The automaker has since substituted the striking workers with new workers, a situation there is no precedent since the era of the Great Depression.

"Tesla has done it [found replacement staff] publicly & methodically," says a labor researcher, a researcher at Arena Idé, a policy organization supported by Scandinavian labor organizations.

"It is not against the law, this being crucial to understand. But it violates all established norms. But Tesla doesn't care for conventions.

"They aim to be convention challengers. Thus when anyone tells them, hey, you are breaking a standard, they see this as a compliment."

The company's Swedish subsidiary declined attempts for comment via correspondence citing "all-time high vehicle shipments".

In fact, the company has granted only one media interview during the entire period since the strike started.

Earlier this year, the Swedish subsidiary's "national manager, the executive, told a financial publication that it benefited the organization better to avoid a union contract, and instead "to work closely with employees and provide them the best possible terms".

Mr Stark rejected that the decision to avoid a collective agreement was one made at Tesla headquarters overseas. "Our division possesses authorization to take independent such decisions," he stated.

IF Metall is not entirely alone in this conflict. This industrial action has been supported from several of labor organizations.

Dockworkers in nearby Scandinavian nations, Norway & neighboring states, decline to process the company's vehicles; waste is not collected from the automaker's Scandinavian locations; and recently constructed power points are not being linked to the grid in the country.

Exists an example near the capital's airport, where twenty chargers stand idle. However a Tesla enthusiast, the president of an owner's club Tesla Club Sweden, states Tesla owners are unaffected by the strike.

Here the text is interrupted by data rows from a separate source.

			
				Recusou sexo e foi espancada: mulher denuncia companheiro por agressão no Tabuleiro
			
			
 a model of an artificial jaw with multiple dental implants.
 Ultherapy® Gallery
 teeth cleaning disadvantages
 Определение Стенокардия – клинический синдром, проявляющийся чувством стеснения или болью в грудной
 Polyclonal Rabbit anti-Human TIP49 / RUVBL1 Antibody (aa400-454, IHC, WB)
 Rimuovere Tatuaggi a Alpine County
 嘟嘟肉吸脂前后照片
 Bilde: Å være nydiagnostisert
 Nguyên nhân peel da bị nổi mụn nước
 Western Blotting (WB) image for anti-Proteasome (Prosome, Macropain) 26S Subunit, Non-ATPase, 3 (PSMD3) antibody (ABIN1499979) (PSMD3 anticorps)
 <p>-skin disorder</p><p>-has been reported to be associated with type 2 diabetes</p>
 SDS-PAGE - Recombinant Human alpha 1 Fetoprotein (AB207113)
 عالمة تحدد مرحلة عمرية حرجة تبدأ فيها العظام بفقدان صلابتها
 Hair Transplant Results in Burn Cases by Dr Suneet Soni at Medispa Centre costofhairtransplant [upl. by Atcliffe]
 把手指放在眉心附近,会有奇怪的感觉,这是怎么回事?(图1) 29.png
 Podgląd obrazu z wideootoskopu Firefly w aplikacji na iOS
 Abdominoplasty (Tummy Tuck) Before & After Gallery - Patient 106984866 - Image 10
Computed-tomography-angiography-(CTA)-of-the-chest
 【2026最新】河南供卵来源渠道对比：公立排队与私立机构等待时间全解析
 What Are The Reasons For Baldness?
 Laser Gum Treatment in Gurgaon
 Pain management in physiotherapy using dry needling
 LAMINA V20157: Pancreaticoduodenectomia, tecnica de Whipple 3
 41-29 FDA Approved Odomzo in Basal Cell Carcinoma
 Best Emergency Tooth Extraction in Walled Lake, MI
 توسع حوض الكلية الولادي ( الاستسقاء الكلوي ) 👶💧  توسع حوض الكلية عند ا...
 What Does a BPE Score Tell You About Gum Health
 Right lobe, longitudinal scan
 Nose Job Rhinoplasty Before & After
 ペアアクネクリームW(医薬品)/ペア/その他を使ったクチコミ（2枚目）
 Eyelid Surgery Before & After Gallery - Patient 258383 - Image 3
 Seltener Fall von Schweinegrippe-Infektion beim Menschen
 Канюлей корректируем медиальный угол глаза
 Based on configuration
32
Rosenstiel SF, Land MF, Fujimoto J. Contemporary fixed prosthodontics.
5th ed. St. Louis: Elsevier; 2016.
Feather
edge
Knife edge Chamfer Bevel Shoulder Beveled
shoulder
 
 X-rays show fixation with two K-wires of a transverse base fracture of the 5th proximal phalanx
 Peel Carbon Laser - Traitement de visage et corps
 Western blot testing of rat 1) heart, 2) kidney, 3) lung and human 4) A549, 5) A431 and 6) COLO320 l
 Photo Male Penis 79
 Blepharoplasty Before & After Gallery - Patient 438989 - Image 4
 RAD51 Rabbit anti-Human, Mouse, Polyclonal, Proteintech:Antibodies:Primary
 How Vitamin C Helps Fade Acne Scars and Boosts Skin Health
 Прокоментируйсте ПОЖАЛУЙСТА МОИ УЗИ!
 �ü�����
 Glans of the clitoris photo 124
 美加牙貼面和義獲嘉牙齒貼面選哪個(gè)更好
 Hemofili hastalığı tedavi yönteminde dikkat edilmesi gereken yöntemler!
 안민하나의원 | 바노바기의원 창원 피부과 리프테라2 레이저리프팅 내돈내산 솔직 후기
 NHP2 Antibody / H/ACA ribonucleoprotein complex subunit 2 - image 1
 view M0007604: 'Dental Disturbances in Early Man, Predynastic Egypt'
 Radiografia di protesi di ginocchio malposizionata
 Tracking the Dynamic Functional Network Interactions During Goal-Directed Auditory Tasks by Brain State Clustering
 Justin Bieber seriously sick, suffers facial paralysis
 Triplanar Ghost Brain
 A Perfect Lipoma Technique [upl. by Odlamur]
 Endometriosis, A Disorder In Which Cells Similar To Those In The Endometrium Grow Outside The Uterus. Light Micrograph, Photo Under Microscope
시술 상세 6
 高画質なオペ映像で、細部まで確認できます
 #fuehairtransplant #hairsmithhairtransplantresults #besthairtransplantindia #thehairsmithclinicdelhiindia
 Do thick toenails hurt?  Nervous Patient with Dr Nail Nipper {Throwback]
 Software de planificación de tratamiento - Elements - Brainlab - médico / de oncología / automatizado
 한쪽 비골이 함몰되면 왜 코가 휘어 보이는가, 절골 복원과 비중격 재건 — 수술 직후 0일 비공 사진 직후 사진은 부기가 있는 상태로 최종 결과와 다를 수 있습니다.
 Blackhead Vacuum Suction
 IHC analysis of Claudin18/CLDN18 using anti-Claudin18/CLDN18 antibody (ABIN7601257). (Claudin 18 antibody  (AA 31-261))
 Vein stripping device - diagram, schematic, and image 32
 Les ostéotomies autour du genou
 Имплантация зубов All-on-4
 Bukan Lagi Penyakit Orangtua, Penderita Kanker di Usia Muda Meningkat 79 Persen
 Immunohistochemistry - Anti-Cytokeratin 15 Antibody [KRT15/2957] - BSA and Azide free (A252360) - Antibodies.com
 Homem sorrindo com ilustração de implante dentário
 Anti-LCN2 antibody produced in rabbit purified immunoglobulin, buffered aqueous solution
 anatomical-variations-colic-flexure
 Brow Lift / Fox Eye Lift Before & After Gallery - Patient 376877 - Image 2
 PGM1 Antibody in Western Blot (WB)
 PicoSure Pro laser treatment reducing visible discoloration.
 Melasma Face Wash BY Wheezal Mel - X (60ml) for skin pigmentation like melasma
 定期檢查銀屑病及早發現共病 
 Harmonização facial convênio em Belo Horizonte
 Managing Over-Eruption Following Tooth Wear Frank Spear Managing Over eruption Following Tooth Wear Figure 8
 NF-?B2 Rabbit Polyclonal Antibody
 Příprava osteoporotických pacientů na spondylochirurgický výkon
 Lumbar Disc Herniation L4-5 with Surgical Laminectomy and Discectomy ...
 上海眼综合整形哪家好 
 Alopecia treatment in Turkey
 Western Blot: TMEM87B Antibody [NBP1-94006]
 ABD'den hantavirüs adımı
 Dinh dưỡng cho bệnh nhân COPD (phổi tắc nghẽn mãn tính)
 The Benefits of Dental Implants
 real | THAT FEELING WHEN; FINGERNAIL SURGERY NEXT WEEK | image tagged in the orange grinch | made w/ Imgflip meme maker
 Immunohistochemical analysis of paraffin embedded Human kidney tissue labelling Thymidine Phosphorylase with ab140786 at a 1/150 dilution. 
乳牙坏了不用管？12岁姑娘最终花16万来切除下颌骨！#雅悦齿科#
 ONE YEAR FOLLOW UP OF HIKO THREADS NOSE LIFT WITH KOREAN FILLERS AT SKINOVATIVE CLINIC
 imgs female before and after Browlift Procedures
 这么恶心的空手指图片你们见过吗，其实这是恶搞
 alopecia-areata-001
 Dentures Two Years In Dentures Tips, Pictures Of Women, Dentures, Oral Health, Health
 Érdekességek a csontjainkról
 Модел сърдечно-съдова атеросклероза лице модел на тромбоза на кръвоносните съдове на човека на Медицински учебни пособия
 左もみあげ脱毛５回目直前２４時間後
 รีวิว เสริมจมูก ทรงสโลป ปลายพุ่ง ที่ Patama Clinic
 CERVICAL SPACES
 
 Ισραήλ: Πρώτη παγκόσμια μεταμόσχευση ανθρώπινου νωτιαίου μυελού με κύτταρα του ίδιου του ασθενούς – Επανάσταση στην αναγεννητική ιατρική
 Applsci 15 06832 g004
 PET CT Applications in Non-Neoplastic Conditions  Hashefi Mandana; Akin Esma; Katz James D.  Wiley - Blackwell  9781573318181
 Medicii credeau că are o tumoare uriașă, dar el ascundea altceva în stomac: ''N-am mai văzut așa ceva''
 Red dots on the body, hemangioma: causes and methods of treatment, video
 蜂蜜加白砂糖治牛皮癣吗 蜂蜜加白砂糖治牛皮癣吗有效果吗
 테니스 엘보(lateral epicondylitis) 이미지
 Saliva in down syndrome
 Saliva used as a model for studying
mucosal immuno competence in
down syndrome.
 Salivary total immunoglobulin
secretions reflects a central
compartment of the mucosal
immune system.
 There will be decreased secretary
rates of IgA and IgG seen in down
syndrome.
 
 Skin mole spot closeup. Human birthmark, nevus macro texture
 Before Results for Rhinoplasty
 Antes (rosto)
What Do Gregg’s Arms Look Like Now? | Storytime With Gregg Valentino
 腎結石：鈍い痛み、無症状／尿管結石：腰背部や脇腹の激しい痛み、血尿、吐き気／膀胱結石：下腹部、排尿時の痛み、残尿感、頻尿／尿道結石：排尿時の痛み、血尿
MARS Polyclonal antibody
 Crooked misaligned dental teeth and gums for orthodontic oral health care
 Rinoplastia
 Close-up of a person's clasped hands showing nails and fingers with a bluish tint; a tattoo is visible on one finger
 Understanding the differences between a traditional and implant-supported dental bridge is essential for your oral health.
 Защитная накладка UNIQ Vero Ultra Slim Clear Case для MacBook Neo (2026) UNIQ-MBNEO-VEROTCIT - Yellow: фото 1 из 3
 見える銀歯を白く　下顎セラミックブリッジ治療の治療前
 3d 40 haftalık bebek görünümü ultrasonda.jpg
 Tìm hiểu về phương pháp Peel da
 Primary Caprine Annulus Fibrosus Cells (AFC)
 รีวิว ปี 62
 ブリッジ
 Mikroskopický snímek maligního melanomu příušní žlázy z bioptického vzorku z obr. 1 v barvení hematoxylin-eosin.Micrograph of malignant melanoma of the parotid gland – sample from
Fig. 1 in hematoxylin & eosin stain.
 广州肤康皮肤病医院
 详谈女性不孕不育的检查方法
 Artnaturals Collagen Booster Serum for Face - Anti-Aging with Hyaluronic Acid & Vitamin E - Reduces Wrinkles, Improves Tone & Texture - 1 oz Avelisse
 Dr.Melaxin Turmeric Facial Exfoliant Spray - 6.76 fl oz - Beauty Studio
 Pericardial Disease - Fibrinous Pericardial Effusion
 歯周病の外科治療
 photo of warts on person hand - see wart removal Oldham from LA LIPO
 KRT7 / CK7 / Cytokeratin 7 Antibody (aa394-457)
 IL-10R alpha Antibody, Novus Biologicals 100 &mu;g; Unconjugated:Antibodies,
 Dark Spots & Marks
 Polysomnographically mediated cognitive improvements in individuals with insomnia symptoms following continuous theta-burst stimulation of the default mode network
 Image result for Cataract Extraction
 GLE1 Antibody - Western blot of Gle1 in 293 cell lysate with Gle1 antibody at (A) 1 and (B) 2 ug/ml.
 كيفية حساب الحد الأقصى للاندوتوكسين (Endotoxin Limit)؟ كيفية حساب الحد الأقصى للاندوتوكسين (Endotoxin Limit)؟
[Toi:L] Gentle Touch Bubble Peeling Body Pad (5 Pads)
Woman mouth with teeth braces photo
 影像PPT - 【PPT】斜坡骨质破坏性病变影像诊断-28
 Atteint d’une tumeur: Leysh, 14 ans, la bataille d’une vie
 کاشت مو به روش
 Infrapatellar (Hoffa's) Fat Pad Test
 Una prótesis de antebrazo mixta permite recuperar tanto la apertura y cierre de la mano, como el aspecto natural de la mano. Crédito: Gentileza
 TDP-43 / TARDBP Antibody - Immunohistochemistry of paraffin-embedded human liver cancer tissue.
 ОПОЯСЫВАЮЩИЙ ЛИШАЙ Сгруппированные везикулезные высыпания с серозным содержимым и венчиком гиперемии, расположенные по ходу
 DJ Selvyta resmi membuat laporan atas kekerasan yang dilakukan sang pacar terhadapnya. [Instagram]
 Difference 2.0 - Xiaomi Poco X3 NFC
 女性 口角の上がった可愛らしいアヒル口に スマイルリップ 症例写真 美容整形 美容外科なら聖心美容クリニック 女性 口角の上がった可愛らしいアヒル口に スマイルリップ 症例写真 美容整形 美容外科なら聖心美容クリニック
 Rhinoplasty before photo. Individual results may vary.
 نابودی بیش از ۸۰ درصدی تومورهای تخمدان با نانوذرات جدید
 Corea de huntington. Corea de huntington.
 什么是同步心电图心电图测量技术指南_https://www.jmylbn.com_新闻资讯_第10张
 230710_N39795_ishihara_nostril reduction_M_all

"There exists another charging station 10km from here," he comments. "And we can still buy our cars, we can service our vehicles, we can power our cars."

Tesla vehicles in Sweden
Despite the strike Tesla's cars continue to be popular across Scandinavia

With consequences significant on both sides, it's hard to see an end to the deadlock. IF Metall faces the danger of establishing a pattern should it surrender the fundamental concept of negotiated labor contracts.

"The worry is how that would spread," says Mr Bender, "and eventually {erode

Pamela Aguilar
Pamela Aguilar

Tech enthusiast and software developer with a passion for sharing knowledge on emerging technologies and coding best practices.